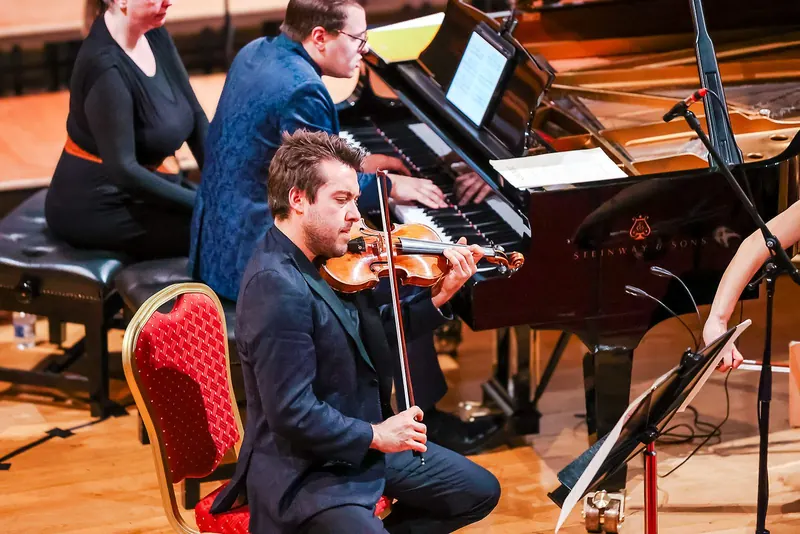 Trio Bohémo's violinist and pianist in performance, a page-turner seated beside the piano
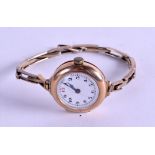 A VINTAGE 9CT GOLD CASED LADIES WRISTWATCH with yellow metal strap. 21.5 grams overall.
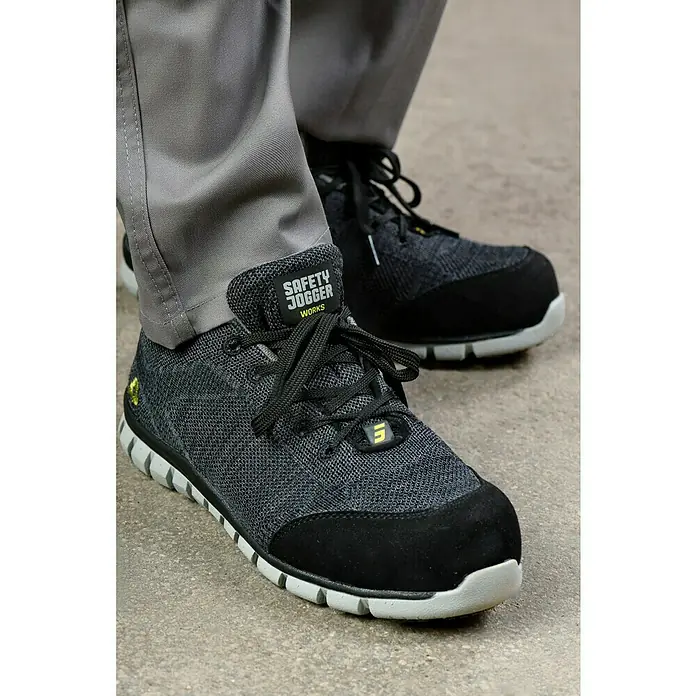 Safety Jogger Sicherheitshalbschuh Morris S1P - 45, Schutzklasse nach EN ISO 20345: S1P, Schwarz - Nahaufnahme von Safety Jogger-Arbeitsschuhen mit grauen Hosen. Die Schuhe haben schwarze Akzente und eine helle Sohle.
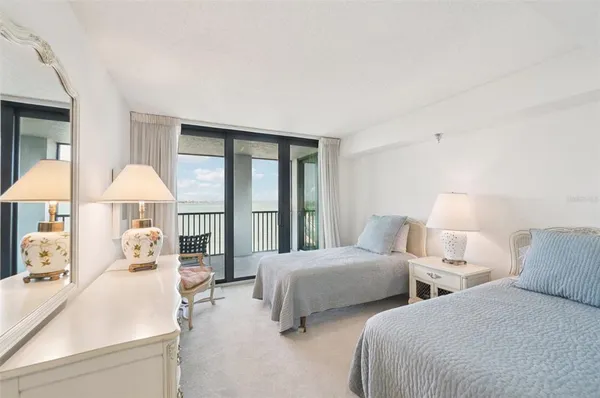 a view of a building with a yard and sitting area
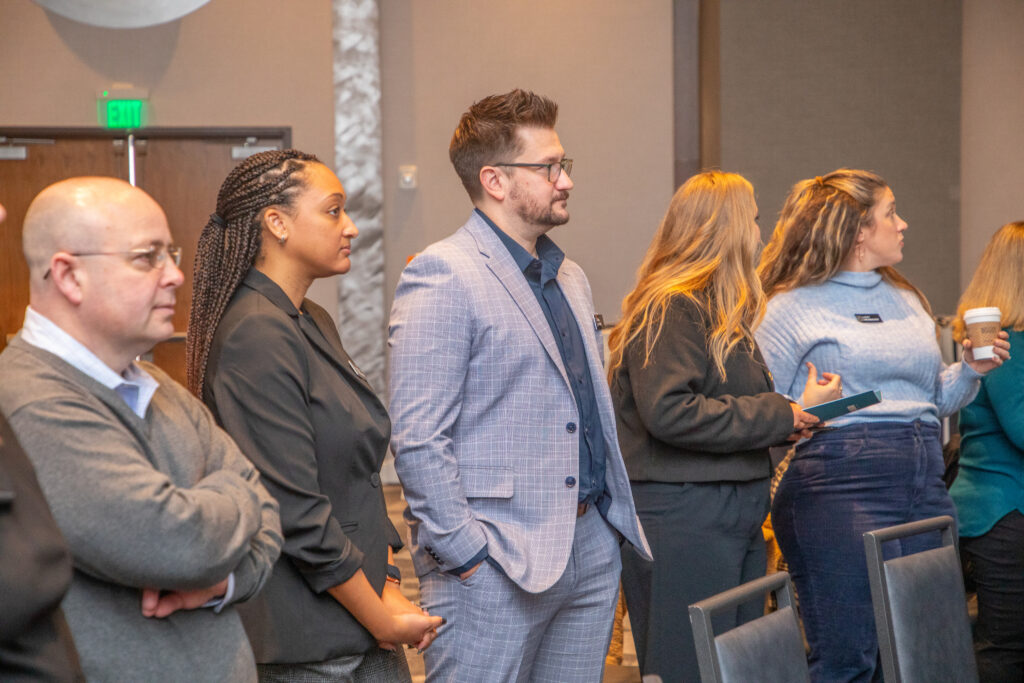 Young professionals of various ages at a networking event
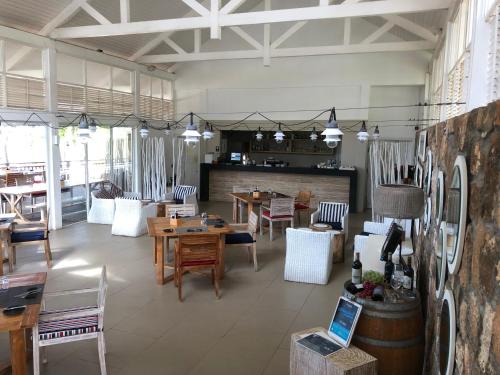a large room with tables and chairs and a dining room at Azuri Appartements De Luxe in Roches Noires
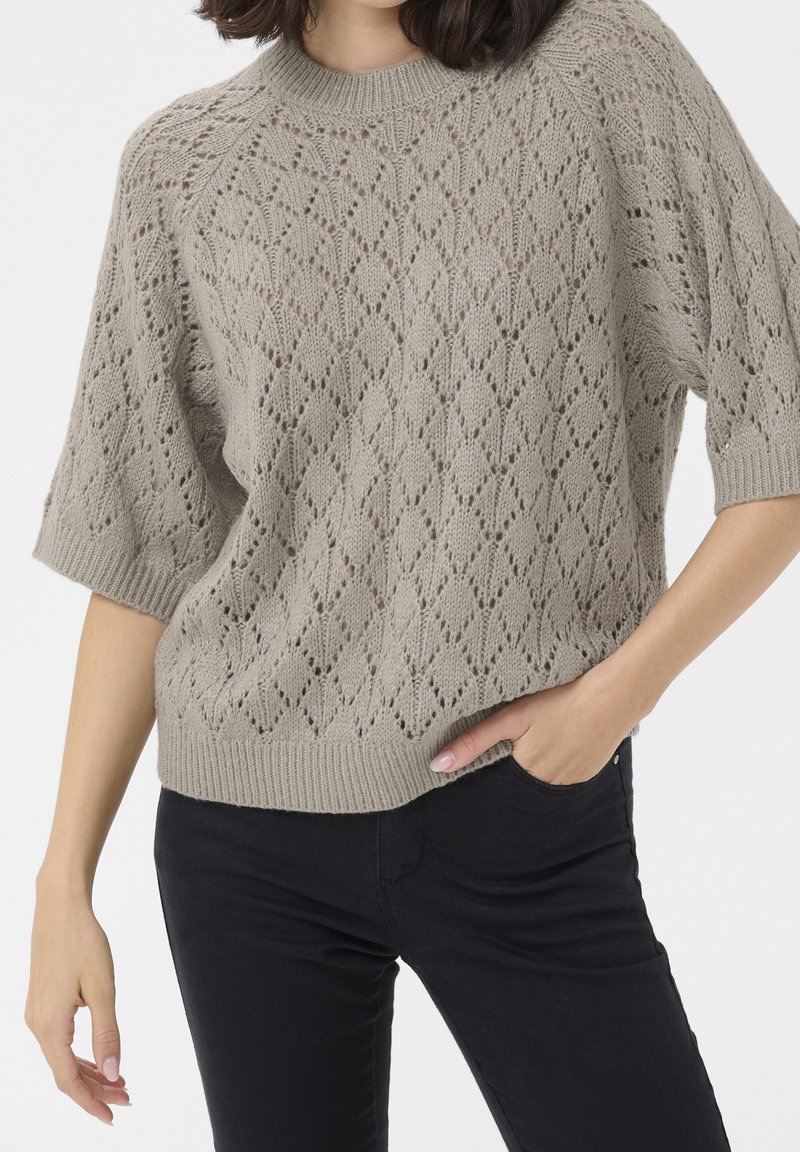 Personne portant un pull en tricot beige à manches courtes avec des motifs en losange et un pantalon noir, une main dans la poche, sur un fond blanc.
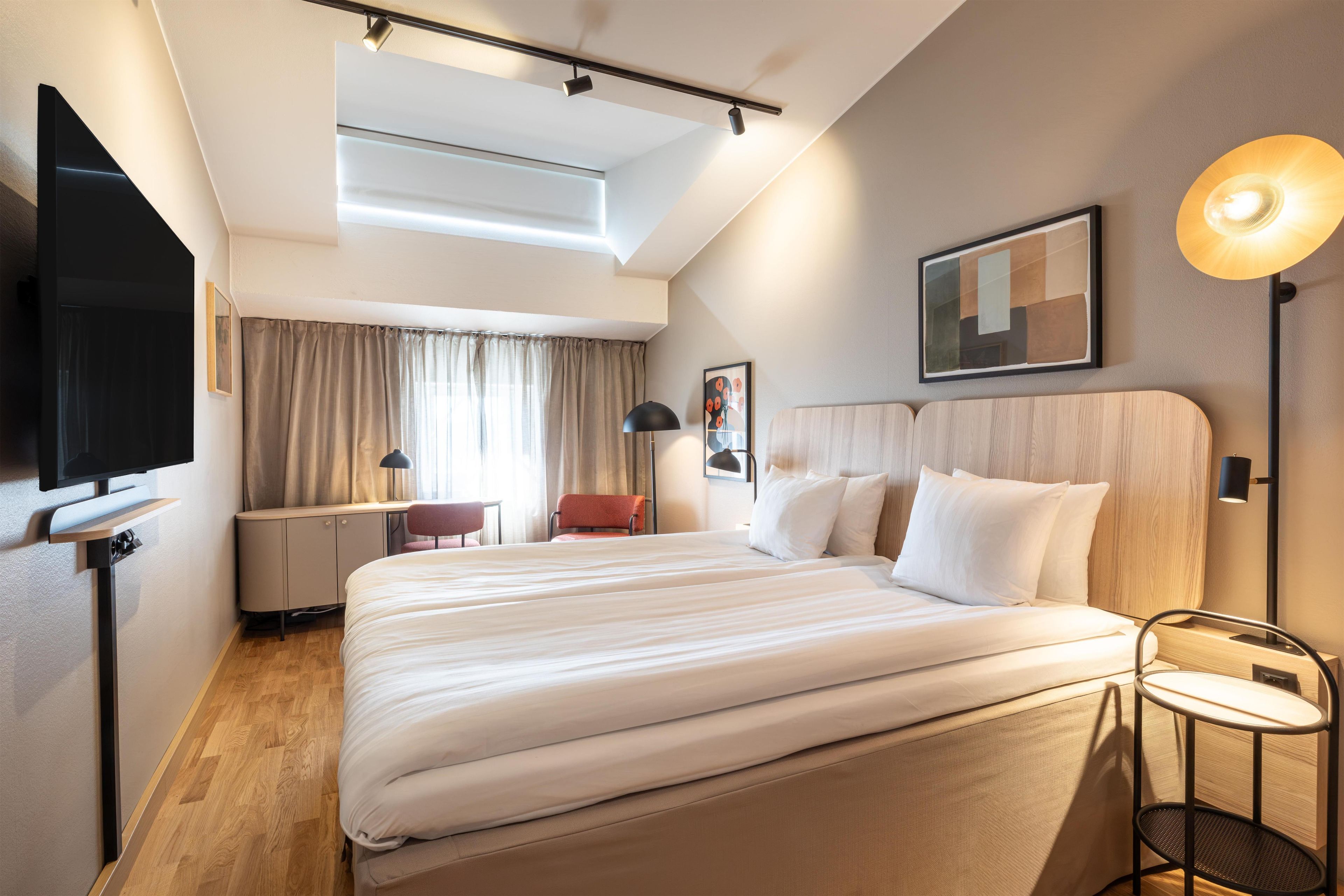 A hotel room with a bed, a desk, a chair, a TV, and a lamp.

→ **TASK REQUIREMENTS**
Word for word, return the listing above; the pictures do not belong in the copy.

→ **ANSWER BELOW**
 Trio Bohémo's violinist and pianist in performance, a page-turner seated beside the piano
 A VINTAGE 9CT GOLD CASED LADIES WRISTWATCH with yellow metal strap. 21.5 grams overall.
 Safety Jogger Sicherheitshalbschuh Morris S1P - 45, Schutzklasse nach EN ISO 20345: S1P, Schwarz - Nahaufnahme von Safety Jogger-Arbeitsschuhen mit grauen Hosen. Die Schuhe haben schwarze Akzente und eine helle Sohle.
 a view of a building with a yard and sitting area
 Young professionals of various ages at a networking event
a large room with tables and chairs and a dining room at Azuri Appartements De Luxe in Roches Noires
 Personne portant un pull en tricot beige à manches courtes avec des motifs en losange et un pantalon noir, une main dans la poche, sur un fond blanc.
 A hotel room with a bed, a desk, a chair, a TV, and a lamp.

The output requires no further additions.